The classroom played a critical role in the launch of Wildfire. “HBS was helpful in that you could design a lot of your own projects in your second year,” explains Ransom. “I was able to structure a couple of classes around the business. So what I was doing on the business actually fed into my classes and got me credit as well and professors’ advice.”
The MBA experience helped in other ways, too. It made both of them more ambitious for their new enterprise. “Business school made us think bigger,” insists Ransom. “You are told you are going to change the world and you can do anything. You are urged to think big. I think there might have been an element of really stepping it up. For me, when everyone was going through the recruiting process, I didn’t participate in it. I saw my only way as starting a business. It put pressure on me to deliver. By the time I graduate, I thought, this thing needs to be running and taking off. It put pressure on me to really go for it during the last year.”
The business school environment also helped to shape their expectations of the kind of business they could create. “Being in Harvard and Stanford probably exposed us to the Silicon Valley world and this idea of building a software company,” adds Ransom. “We ultimately created Wildfire because we were trying to market Access Trips on Facebook. But would we have quickly reached this point of building a product others could use? I think business school helped broaden our minds to what was possible because we were actually coming from the travel business–not the tech business at all. And our classmates and alumni helped us when it came to getting clients and building relationships with partners. Maybe we would have gotten there anyway. I don’t believe you need to go to business school to be a successful entrepreneur. In my mind, that’s pretty clear. But would we have ended up doing what we are doing if we didn’t go to business school? Maybe not. We might have veered off in a completely different direction.”
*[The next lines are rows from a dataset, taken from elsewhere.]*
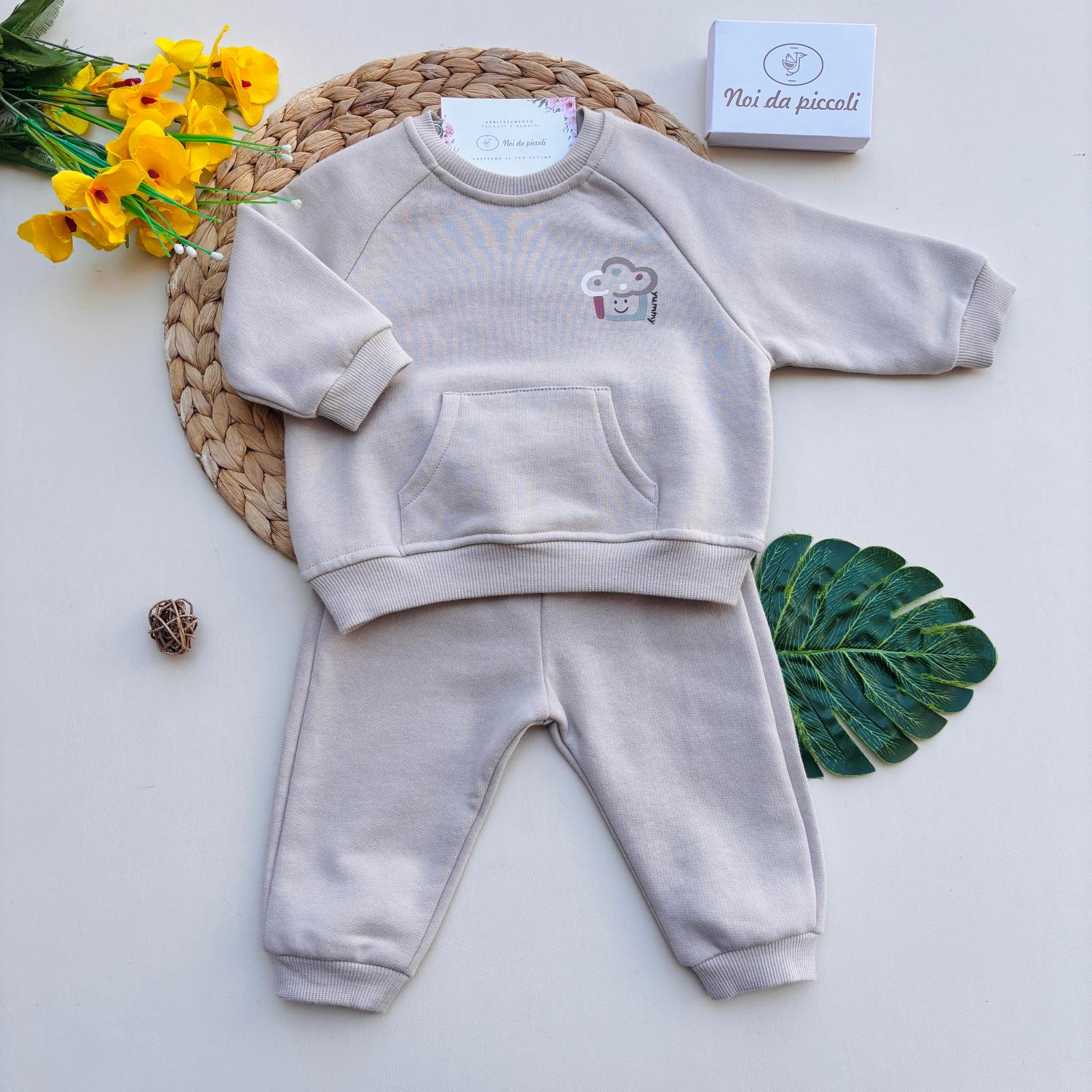 COMPLETO BEIGE - Noi da piccoli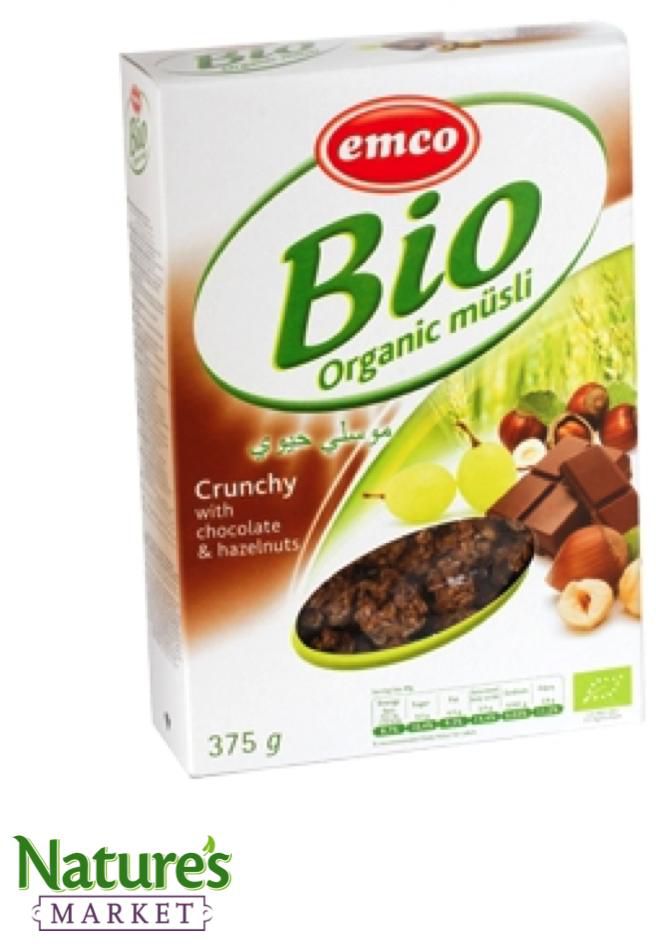 Musli with Chocolate and Hazelnuts (Organic)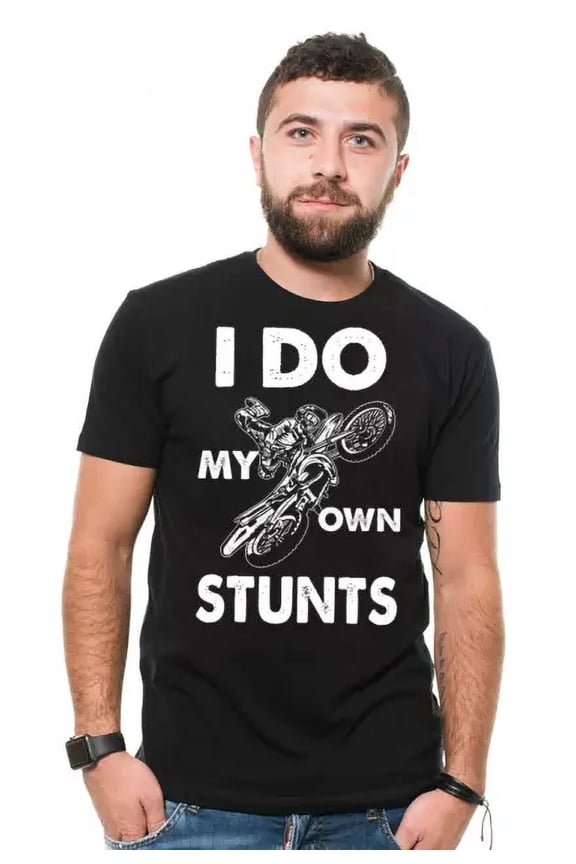 Hot Trending T-Shirt With Biker Mens Biker Motorcycle Tee Stunts Tee Biker Design Preview Only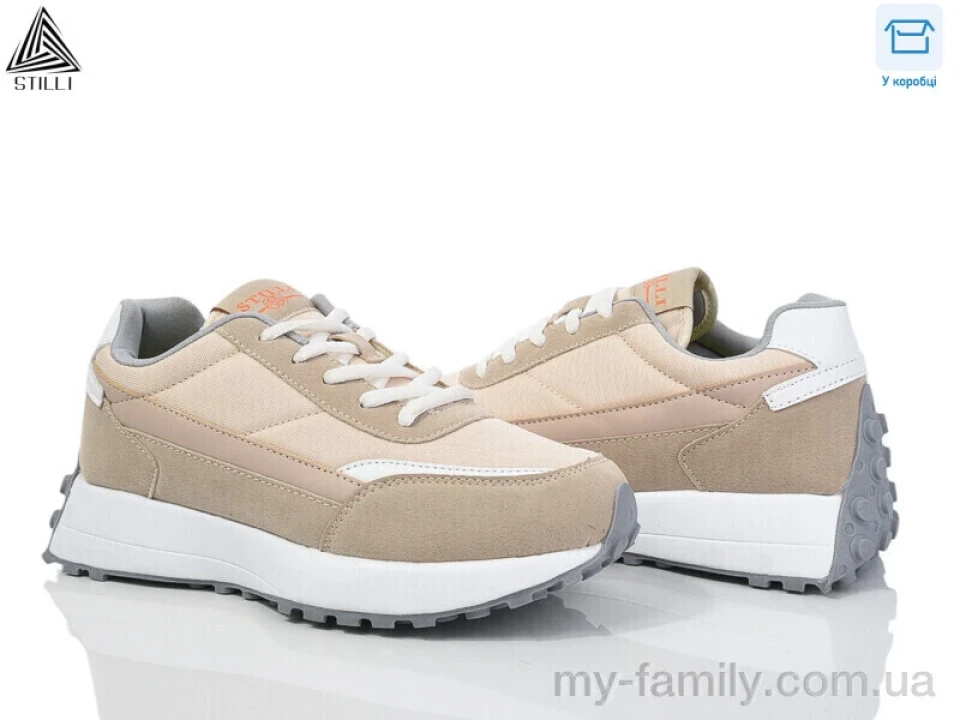 Кросівки штучна замша-текстиль бежевий жінки -, Жіночі кросівки оптом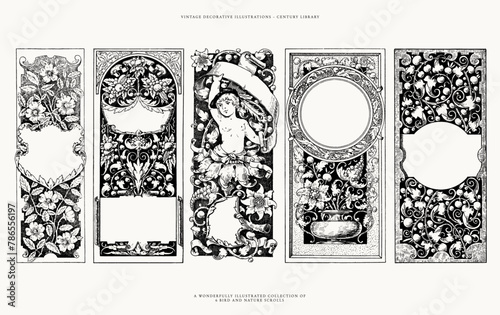 Nature Banners and Decorative Label Templates (ID: 786556197)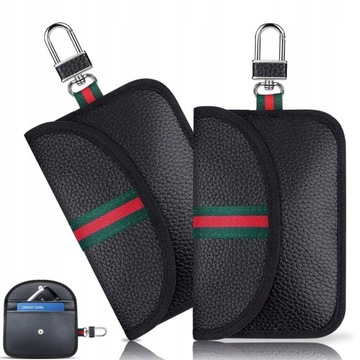 ЗАЩИТНЫЙ КОЖАНЫЙ ЧЕХОЛ ДЛЯ БЕЗКЛЮЧЕВЫХ RFID-КЛЮЧЕЙ 2 шт.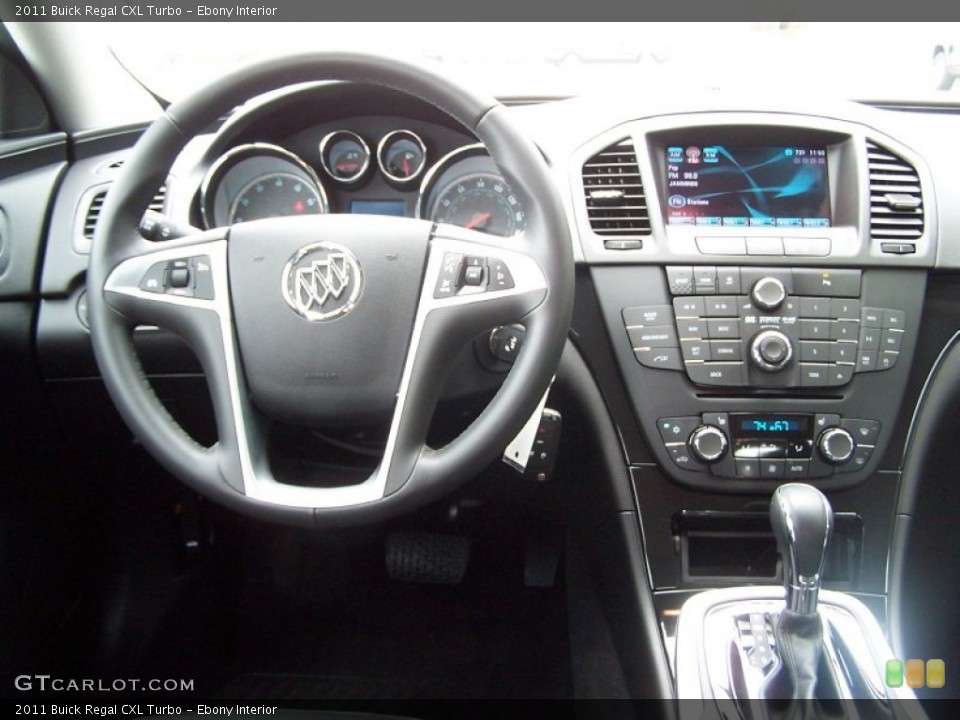 Ebony Interior Dashboard for the 2011 Buick Regal CXL Turbo #80426237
Chuard agrees. “Going to Stanford really changed me,” he says. “Before I did my MBA, I was very much into building a business but along more traditional lines. Going to Stanford and being here in this ecosystem of technology startups really helped me to get very passionate about building software and technology. Before I kind of looked at technology as something just for geeks. But products become really successful when you look at problems customers have and then try to use technology to solve those problems–and not necessarily putting technology first and then trying to find a problem.”
At Stanford, Chuard says he found a mentor in George Foster, who teaches Entrepreneurship: Formation of New Ventures. “In the class, you are able to create your own business plan and do all the things you need to do to get a business off the ground. That kind of helped me a little bit to think about how do we acquire customers. I also got feedback from peers. That was one class that helped me.”